The Distance Between Us: A Memoir by Reyna Grande
She was left at age 2 by her father, then at 4 watched her mother go; both parents braved the border into “El Otro Lado” (The Other Side) to make enough American dollars to reunite the family in their dream house someday. The youngest of three children, Reyna Grande grew up with extended relatives in Iguala de la Independencia, Guerrero in southern Mexico, under the iron control of her paternal grandmother – who certainly lives up to her given name, Evila: “‘I can be sure my daughters’ children are really my grandchildren,'” she often told Reyna, Carlos, and Mago, as if to excuse the unfair abuse she directed at her son’s young offspring.
The parents’ reunion on ‘the other side’ produces an American sister, making the three left-behind siblings fearful that they’ve been replaced. But then Mami returns with only Betty, just over a year old; elusive Papi chooses to remain in the U.S. with his new wife. Mami is forever changed, and she’s never quite able to repair the strained relationship with her children.
Just before Reyna turns 10, “the Man Behind the Glass” – the only way she remembers her absent father – reappears in Abuelita Evila’s house to reclaim his four children. Mami will not let Betty go out of spite. Reyna, too, almost gets left behind, initially deemed too young to attempt the border crossing. The third try proves successful and suddenly the three siblings are beginning new lives on the other side with a stranger-father and a less-than-welcoming stepmother. Cultural, social, educational adjustments are expectedly challenging, but nothing is as difficult as learning to live with their mercurial, alcoholic, violent father. That titular ‘distance’ – between countries, homes, most of all, within families – remains a haunting, constant presence throughout the pages.
Had The Distance Between Us not been a summer high school English requirement for our son, I admit I wouldn’t have read it. That Grande was then writer-in-residence briefly this fall, which included an all-community public program, provided further inducement. The student-planned-and-performed introduction to her presentation was especially moving: almost a dozen girls from the school’s Latina affinity club shared intimate, stirring reactions about how much Distance meant to each. “I didn’t know my story could be a book like this” to “I didn’t know a Latina could be a famous writer.” The significance of discovering Distance at such a pivotal point in their young lives was obvious, and heartfelt. Critics, too, have been mostly laudatory: Distance was a finalist for the 2012 National Book Critics Circle Award for autobiography.
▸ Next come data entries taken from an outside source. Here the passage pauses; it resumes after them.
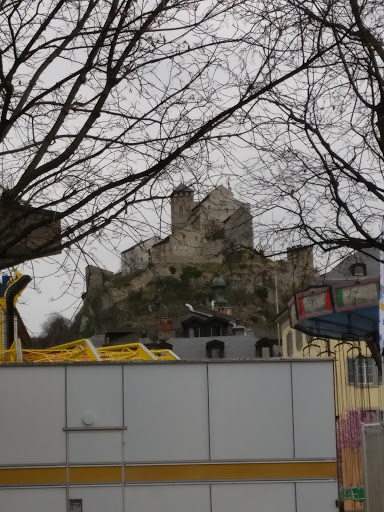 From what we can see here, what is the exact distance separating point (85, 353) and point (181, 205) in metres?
8.68

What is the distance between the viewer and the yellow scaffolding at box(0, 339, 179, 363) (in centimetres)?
1805

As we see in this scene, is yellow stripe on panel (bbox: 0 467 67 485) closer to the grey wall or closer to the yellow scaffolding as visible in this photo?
the grey wall

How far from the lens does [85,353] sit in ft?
59.6

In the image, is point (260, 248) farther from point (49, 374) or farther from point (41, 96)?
point (49, 374)

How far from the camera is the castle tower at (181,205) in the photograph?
9.46 meters

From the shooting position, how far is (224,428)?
594 inches

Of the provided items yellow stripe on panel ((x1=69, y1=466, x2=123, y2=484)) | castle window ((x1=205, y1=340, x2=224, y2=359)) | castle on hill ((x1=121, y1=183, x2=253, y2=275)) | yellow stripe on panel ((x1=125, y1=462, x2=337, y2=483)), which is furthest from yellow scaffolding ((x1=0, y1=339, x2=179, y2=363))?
castle window ((x1=205, y1=340, x2=224, y2=359))

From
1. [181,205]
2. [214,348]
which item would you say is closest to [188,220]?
[181,205]

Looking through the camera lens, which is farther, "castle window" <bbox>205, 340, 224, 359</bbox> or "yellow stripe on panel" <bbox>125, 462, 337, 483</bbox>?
"castle window" <bbox>205, 340, 224, 359</bbox>

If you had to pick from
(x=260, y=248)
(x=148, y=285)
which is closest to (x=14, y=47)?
(x=260, y=248)

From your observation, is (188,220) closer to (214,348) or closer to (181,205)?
(181,205)

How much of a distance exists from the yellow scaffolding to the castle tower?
7.75 metres

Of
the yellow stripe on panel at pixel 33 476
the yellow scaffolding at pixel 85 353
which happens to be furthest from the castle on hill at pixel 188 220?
the yellow scaffolding at pixel 85 353

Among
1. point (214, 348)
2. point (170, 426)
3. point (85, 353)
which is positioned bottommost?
point (170, 426) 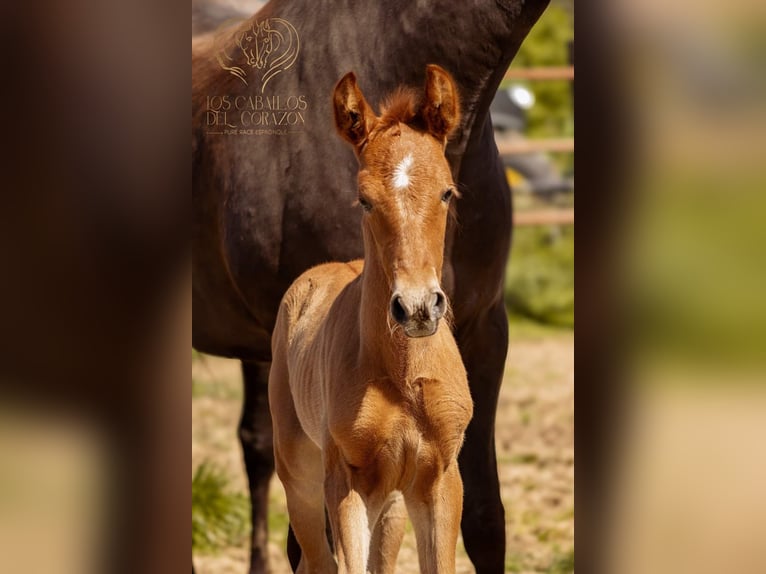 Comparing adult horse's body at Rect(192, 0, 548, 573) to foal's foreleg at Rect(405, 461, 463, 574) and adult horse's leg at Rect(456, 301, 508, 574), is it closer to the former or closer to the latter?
adult horse's leg at Rect(456, 301, 508, 574)

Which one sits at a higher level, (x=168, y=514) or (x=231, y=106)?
(x=231, y=106)

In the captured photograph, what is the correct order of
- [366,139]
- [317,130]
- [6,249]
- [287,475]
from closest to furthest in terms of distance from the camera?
[366,139] → [287,475] → [317,130] → [6,249]

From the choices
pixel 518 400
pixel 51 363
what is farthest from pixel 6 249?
pixel 518 400

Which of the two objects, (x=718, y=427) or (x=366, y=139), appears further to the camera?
(x=718, y=427)

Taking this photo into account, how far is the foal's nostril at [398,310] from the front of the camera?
2523 millimetres

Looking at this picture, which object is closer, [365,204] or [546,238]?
[365,204]

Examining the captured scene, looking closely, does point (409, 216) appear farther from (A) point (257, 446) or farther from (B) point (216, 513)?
(B) point (216, 513)

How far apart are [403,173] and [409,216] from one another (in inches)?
4.6

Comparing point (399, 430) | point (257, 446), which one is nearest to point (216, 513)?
point (257, 446)

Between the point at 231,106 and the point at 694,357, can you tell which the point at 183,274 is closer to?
the point at 231,106

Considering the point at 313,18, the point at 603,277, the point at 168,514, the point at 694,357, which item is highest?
the point at 313,18

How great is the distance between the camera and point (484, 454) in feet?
11.6

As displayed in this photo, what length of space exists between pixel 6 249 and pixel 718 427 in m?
2.68

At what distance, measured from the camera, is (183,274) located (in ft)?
12.5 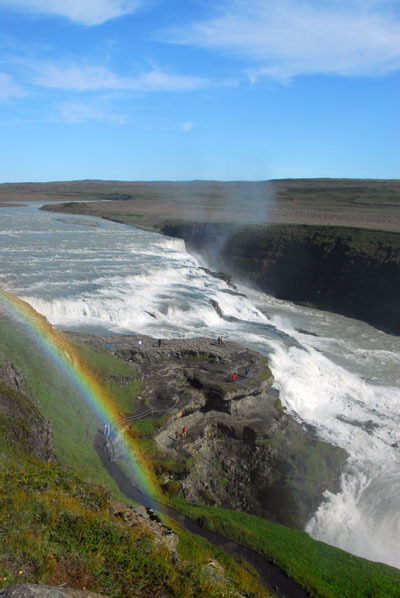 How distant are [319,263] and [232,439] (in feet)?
114

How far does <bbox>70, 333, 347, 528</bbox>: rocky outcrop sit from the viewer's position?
552 inches

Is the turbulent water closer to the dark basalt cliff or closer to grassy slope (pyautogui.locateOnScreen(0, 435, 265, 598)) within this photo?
the dark basalt cliff

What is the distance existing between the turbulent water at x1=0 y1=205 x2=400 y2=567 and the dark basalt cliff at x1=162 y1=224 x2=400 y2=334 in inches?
111

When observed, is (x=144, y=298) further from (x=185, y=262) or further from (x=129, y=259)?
(x=185, y=262)

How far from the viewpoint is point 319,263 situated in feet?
157

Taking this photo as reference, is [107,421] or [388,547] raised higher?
[107,421]

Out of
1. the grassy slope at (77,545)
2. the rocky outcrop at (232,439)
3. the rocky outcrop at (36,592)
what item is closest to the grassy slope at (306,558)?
the grassy slope at (77,545)

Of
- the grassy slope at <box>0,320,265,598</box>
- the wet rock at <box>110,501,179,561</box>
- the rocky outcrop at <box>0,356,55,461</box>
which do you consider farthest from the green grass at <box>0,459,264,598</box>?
the rocky outcrop at <box>0,356,55,461</box>

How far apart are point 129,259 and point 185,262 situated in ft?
20.0

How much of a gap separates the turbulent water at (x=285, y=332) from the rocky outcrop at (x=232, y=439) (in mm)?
895

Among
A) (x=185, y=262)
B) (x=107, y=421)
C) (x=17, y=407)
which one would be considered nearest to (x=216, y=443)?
(x=107, y=421)

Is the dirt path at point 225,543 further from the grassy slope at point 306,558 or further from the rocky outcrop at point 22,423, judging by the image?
the rocky outcrop at point 22,423

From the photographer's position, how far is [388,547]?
12.8 metres

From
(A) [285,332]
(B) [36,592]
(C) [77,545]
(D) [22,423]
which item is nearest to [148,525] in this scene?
(C) [77,545] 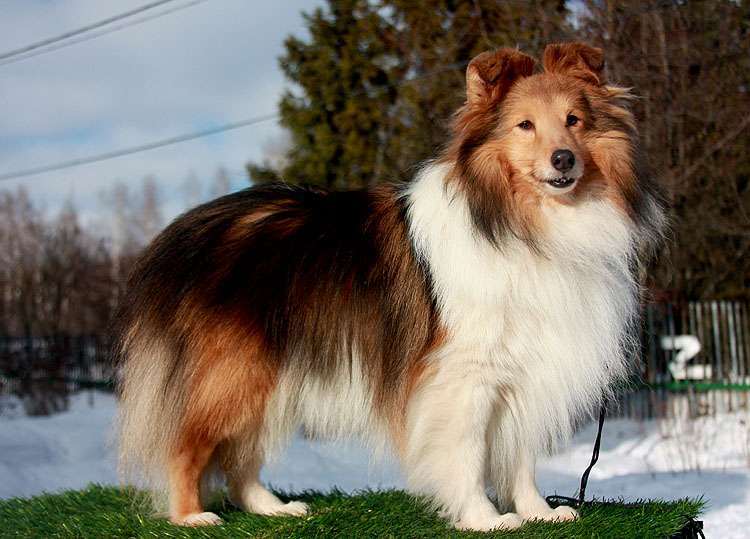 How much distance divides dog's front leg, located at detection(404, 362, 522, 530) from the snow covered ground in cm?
229

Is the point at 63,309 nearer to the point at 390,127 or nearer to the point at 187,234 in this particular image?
the point at 390,127

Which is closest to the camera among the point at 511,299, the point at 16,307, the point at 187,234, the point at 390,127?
the point at 511,299

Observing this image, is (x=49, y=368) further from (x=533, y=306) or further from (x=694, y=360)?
(x=533, y=306)

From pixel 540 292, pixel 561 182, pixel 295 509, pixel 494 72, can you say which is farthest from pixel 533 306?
pixel 295 509

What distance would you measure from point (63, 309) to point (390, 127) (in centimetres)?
995

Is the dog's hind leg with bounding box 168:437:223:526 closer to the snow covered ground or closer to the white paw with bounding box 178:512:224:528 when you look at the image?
the white paw with bounding box 178:512:224:528

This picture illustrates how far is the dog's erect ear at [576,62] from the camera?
341 centimetres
And yet … in spite of the sincere appreciation for the story, the survival, the achievement contained within Distance, as literature, the memoir falls short. Although sometimes referred to as the Mexican Angela’s Ashes (the Pulitzer Prize-winning memoir by Frank McCourt about growing up in abject poverty in Brooklyn and Ireland), Distance lacks the literary prowess that makes Ashes lyrical in spite of the brutality, mellifluous in spite of the suffering. Grande’s few poetic moments – the forever connection between mother and daughter via umbilical cord; the beauty she recognizes amidst the deprivation of her home village because she knows no other way of life – are not enough to make the text anything more than descriptive, even pedestrian, and ultimately disappointing.
For the high school Latinas for which Distance was such an empowering read, might I suggest building on that momentum: Luis Alberto Urrea’s Border Trilogy, any Sandra Cisneros title, U.S. Supreme Court Associate Justice Sonia Sotomayor’s My Beloved World, are just a few alternative titles that come immediately to mind. That said, to read Distance is to bear witness. With immigration such the au courant hot-button topic, Distance is inarguably an accessible introduction from which to explore further.